WORK TASK: Copy out the records precisely, omitting pictures.

INPUT:
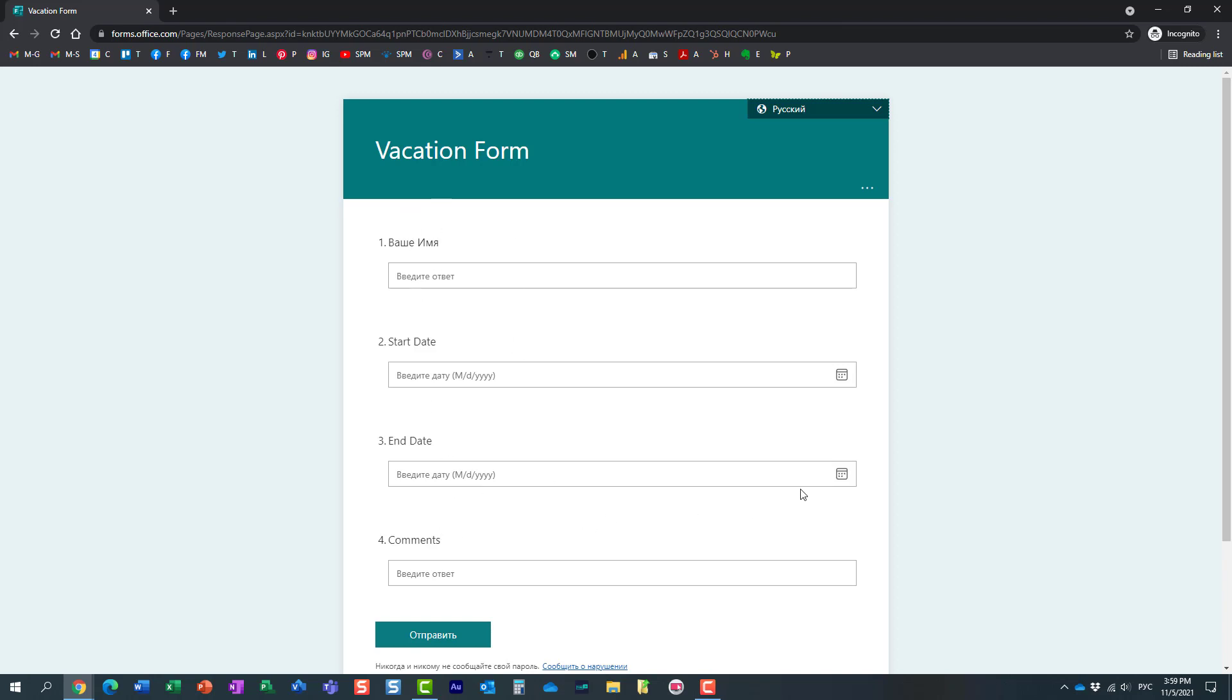So that's essentially a nice and easy way for you to translate your form and present it in multiple languages. Definitely probably a mandatory requirement if you are a global company.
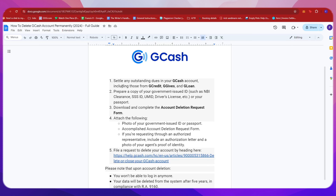Now, the first thing you need to do is to settle any outstanding dues in your GCash account, including those from GCredit, GGives, and GLoan.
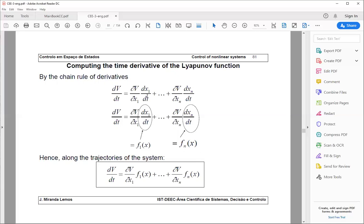Using the fact that x satisfies the state model, we substitute dx1/dt = F1, dx2/dt = F2, and so on up to dxn/dt = Fn. This yields an expression for the total derivative of V with respect to time, which you can recognize as the inner product of the gradient vector of V with respect to x, with the vector field F that defines the differential state model.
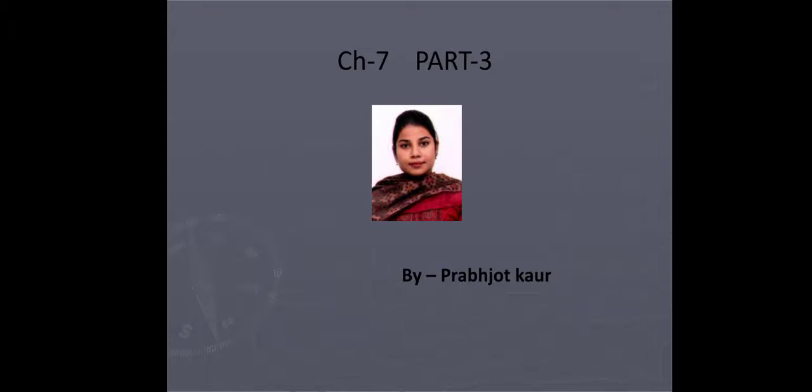Hello everyone, welcome. Today we are going to do Class 11, Chapter 7, Part 3. So let's move on to the lecture. Today we are going to do the topic: Medieval Art versus Renaissance Art.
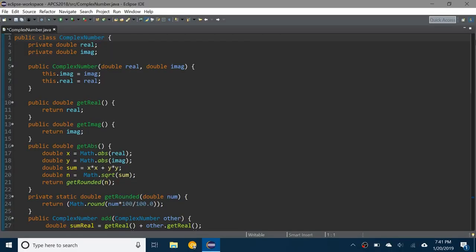Hello everybody and welcome back to a brand new video. Today I'll be showing you how to get the best dark theme for Eclipse. So this is the stock dark theme and personally I don't think it's that good.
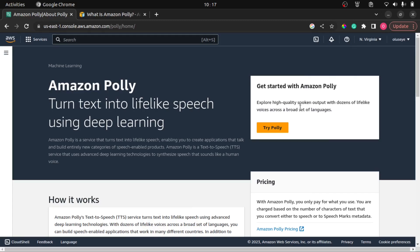Hi everyone, welcome to CodeDIY. In today's video, we're going to dive into the exciting world of text-to-speech APIs. What we're going to do is build our own text-to-speech API using FastAPI and Amazon Polly.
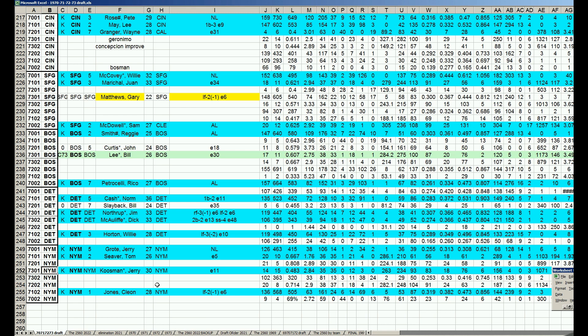Hope you're enjoying the 1970-73 Carryover League draft results. We'll see you next time.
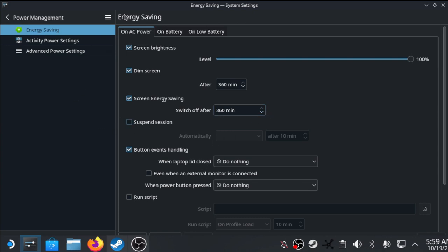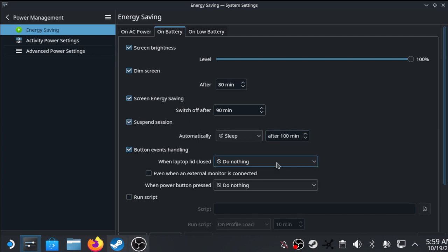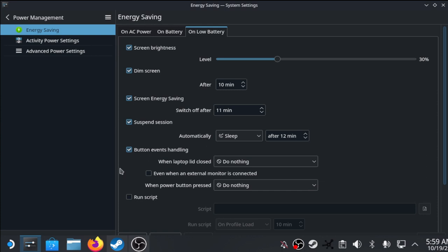Suspend session can be turned off only on AC power. On battery power it always resets, so I put it in reasonable numbers like 100 minutes. For sleep, 90 minutes. Switch off after and on battery low, 10 minutes, 11-12.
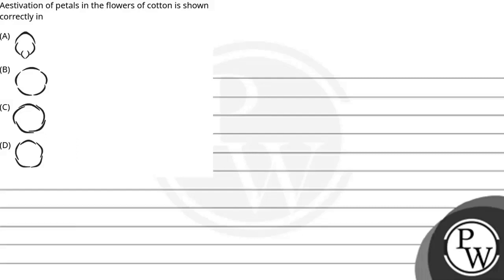Hello, let's read the question. Aestivation of petals in the flowers of cotton is shown correctly in...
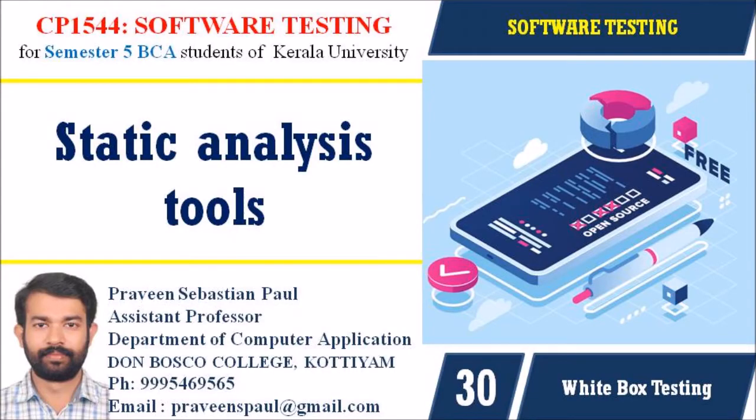Hi students, I am Praveen Sebastian Paul. In this lecture we are discussing the Static Analysis Tools in Software Testing Environment.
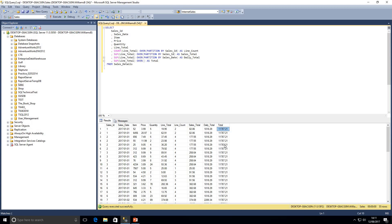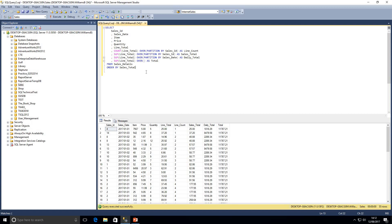It's also worth noting that when working with window functions they only apply to the SELECT stage. If you're not familiar with the logical query processing order — FROM, WHERE, GROUP BY, HAVING, then SELECT — there is a video on my channel I suggest you check out. Window functions are applied at the SELECT stage. The stage after SELECT is ORDER BY, so we could also order by a window function, using the alias we've given it since ORDER BY is aware of aliases defined in SELECT.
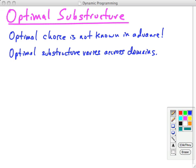Optimal substructure varies across problem domains, and this is why dynamic programming is not a single method — it's an approach to analyzing problems and then figuring out how to solve them by storing solutions to smaller problems and building up solutions to bigger ones.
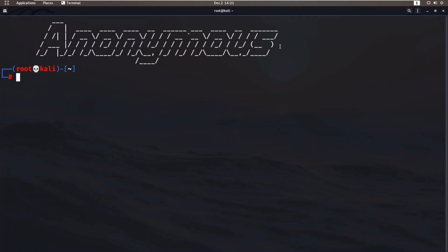Hello everyone, welcome back to Anonymous World. In this video, I will tell you how to write your name in your Kali terminal. So let's get into the video.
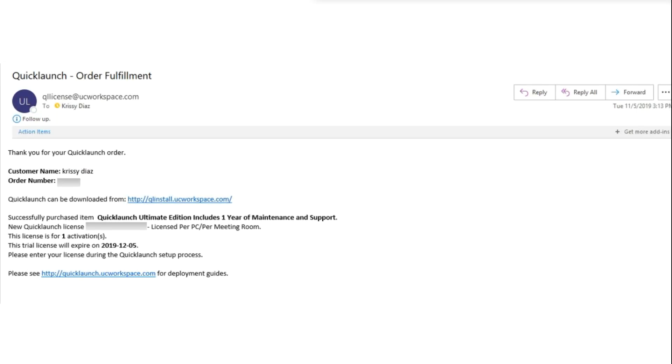After you have purchased a license key, you will receive an order fulfillment email with a link to the download site.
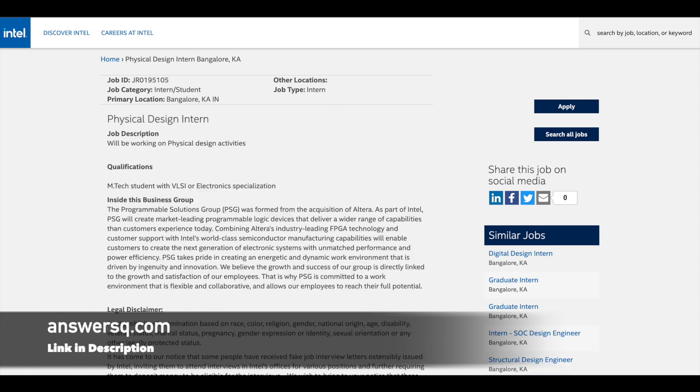The next one is Physical Design Interns. For this role, you'll be working on physical design activities, and they are looking for M.Tech students with a background in electronics specialization.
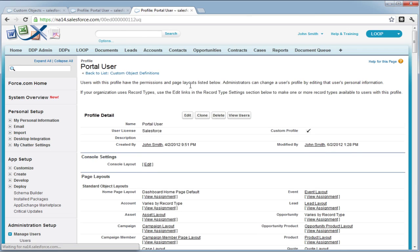Once that's completed, you successfully enabled portal access for the customer portal profile. Thank you.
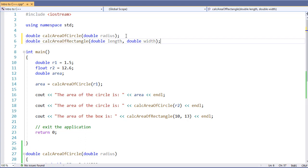Usually the order that we'll do this is we will have our includes, our namespace, and then our function prototypes in our file, as you can see here.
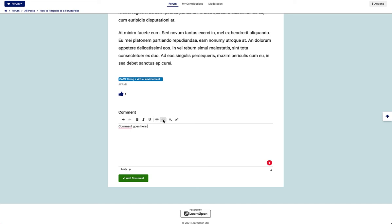You have a limited amount of formatting options, but you do have a few, and when you're ready, you simply click Add Comment.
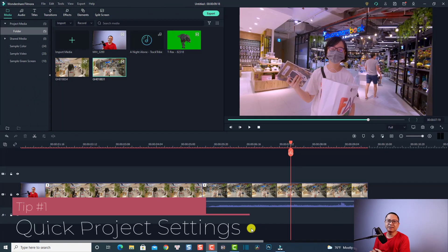Hi guys, welcome to another tutorial on my channel. In this video I'm going to show you six video editing tips in Filmora 10 that every beginner should know. These are the tips that I normally use for all of my projects, so hopefully it is helpful for you, especially for those of you who have just downloaded and installed the program on your computer.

WRITTEN ANSWER:
So that's essentially a nice and easy way for you to translate your form and present it in multiple languages. Definitely probably a mandatory requirement if you are a global company.
Now, the first thing you need to do is to settle any outstanding dues in your GCash account, including those from GCredit, GGives, and GLoan.
Using the fact that x satisfies the state model, we substitute dx1/dt = F1, dx2/dt = F2, and so on up to dxn/dt = Fn. This yields an expression for the total derivative of V with respect to time, which you can recognize as the inner product of the gradient vector of V with respect to x, with the vector field F that defines the differential state model.
Hello everyone, welcome. Today we are going to do Class 11, Chapter 7, Part 3. So let's move on to the lecture. Today we are going to do the topic: Medieval Art versus Renaissance Art.
Hello everybody and welcome back to a brand new video. Today I'll be showing you how to get the best dark theme for Eclipse. So this is the stock dark theme and personally I don't think it's that good.
Hi everyone, welcome to CodeDIY. In today's video, we're going to dive into the exciting world of text-to-speech APIs. What we're going to do is build our own text-to-speech API using FastAPI and Amazon Polly.
Hope you're enjoying the 1970-73 Carryover League draft results. We'll see you next time.
Suspend session can be turned off only on AC power. On battery power it always resets, so I put it in reasonable numbers like 100 minutes. For sleep, 90 minutes. Switch off after and on battery low, 10 minutes, 11-12.
Hello, let's read the question. Aestivation of petals in the flowers of cotton is shown correctly in...
Hi students, I am Praveen Sebastian Paul. In this lecture we are discussing the Static Analysis Tools in Software Testing Environment.
It's also worth noting that when working with window functions they only apply to the SELECT stage. If you're not familiar with the logical query processing order — FROM, WHERE, GROUP BY, HAVING, then SELECT — there is a video on my channel I suggest you check out. Window functions are applied at the SELECT stage. The stage after SELECT is ORDER BY, so we could also order by a window function, using the alias we've given it since ORDER BY is aware of aliases defined in SELECT.
Optimal substructure varies across problem domains, and this is why dynamic programming is not a single method — it's an approach to analyzing problems and then figuring out how to solve them by storing solutions to smaller problems and building up solutions to bigger ones.
Hello everyone, welcome back to Anonymous World. In this video, I will tell you how to write your name in your Kali terminal. So let's get into the video.
After you have purchased a license key, you will receive an order fulfillment email with a link to the download site.
The next one is Physical Design Interns. For this role, you'll be working on physical design activities, and they are looking for M.Tech students with a background in electronics specialization.
Once that's completed, you successfully enabled portal access for the customer portal profile. Thank you.
Usually the order that we'll do this is we will have our includes, our namespace, and then our function prototypes in our file, as you can see here.
You have a limited amount of formatting options, but you do have a few, and when you're ready, you simply click Add Comment.
Hi guys, welcome to another tutorial on my channel. In this video I'm going to show you six video editing tips in Filmora 10 that every beginner should know. These are the tips that I normally use for all of my projects, so hopefully it is helpful for you, especially for those of you who have just downloaded and installed the program on your computer.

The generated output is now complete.